DAYBREAK. Latvian Radio Choir Anniversary concert
17. October, Saturday - 19:00, 2020

DAYBREAK. Latvian Radio Choir Anniversary concert

The Latvian Radio Choir (LRC) celebrates its 80th birthday this year! The choir’s early concerts were mainly focused choral arrangements of traditional Latvian folk songs and original pieces by Latvian authors, so Daybreak - the celebratory programme that starts this special year, is both a symbolic bridge to the beginnings of the LRC and a look back at the pieces created at the dawn of Latvian musical culture that have now become our choral classics…

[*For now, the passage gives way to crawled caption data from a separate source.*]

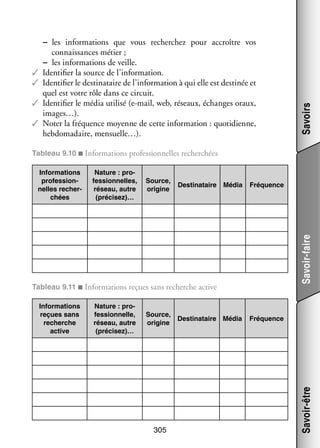 Savoirs

−− les infor­­ tions que vous recher­ hez pour accroître vos
ma­­
c
connais­­
sances métier ;
−− les infor­­ tions de veille.
ma­­
✓✓ Iden­­ fier la source de l’information.
ti­­
✓✓ Iden­­ fier le des­­ na­­
ti­­
ti­­ taire de l’information à qui elle est des­­ née et
ti­­
quel est votre rôle dans ce cir­­
cuit.
✓✓ Iden­­ fier le média uti­­ (e-­ ail, web, réseaux, échanges oraux,
ti­­
lisé m
images…).
✓✓ Noter la fré­­
quence moyenne de cette infor­­ tion : quo­­ dienne,
ma­­
ti­­
heb­­ ma­­
do­­ daire, mensuelle…).
Tableau 9.10 ■ Infor­­ tions pro­­ sion­­
ma­­
fes­­ nelles recher­­
chées
Source,
ori­­
gine

Des­­ na­­
ti­­ taire Média

Fré­­
quence

Savoir-faire

Nature : pro­­
fes­­
sion­­
nelles,
réseau, autre
(pré­­ sez)…
ci­­

Tableau 9.11 ■ Infor­­ tions reçues sans recherche active
ma­­
Infor­­ tions
ma­­
reçues sans
recherche
active

Nature : pro­­
fes­­
sion­­
nelle,
réseau, autre
(pré­­ sez)…
ci­­

Source,
Des­­ na­­
ti­­ taire Média
ori­­
gine

305

Fré­­
quence

Savoir-être

Infor­­ tions
ma­­
pro­­ sion­­
fes­­
nelles recher­­
chées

From Jāzeps Vītols’ Diena aust (The Day Is Dawning) to Alfrēds Kalniņš’ Šūpļa dziesma (Lullaby) and from Jāzeps Mediņš’ Vasaras Vakars (Summer Evening) to Emīls Dārziņš’ Sapņu Tālumā (In Distant Dreams)… The choral gems included in this  celebratory programme not only poetically reflect the course of the day – from a nuanced description of a sunrise to an emotionally painted serene evening, and nocturnal dream images – but also illuminate the great spectrum of emotional experience and undercurrents of the soul…

These scenes could also hardly be painted without the verses that inspired our great masters… In this programme, the great poet Aspazija offered inspiration to the national treasure Jāzeps Vītols (Vasaras Vakars) and the delicate romantic Emīls Dārziņš (Ciānas Bērni (The Children of Zion), Sapņu tālumā) who also shares the world view of Jānis Poruks (Ja uz Betlēmi es ietu (If I Went to Bethlehem)); the patriarch of Latvian professional music Jāzeps Vītols has used the verses of Fricis Bārda (Bērzs Rudenī (Birch Tree in Autumn)), Teodors Zeiferts (Saule Austrumos (Sun in the East)), and Jānis Esenberģis (Diena aust), while the master of romantically tense harmony Pēteris Barisons has turned to the words of Jānis Ziemeļnieks (Mūzai (For a Muse)) and Kārlis Ieviņš (Zilie Sapņu Kalni (The Blue Hills of Dreams)); the impressionistically-inclined Jānis Zālītis has dressed Rainis’ poem Kad Nakts (When the Night) in sound, and the songs of his friend Emilis Melngailis are filled with folk song motifs that are also dear to Alfrēds Kalniņš – one of the most prolific and multifaceted Latvian composers…

The images and atmosphere, the intonations and harmonies woven into these Latvian choral classics are deeply coded into our consciousness – perhaps more than we even realize. It is important to return to these otherworldly and indispensable values, especially now with when the world around us is ever-changing, and the wonderous world of these songs ignites our imaginations anew, coming to us in unexpectedly fresh, nourishing and invigorating ways.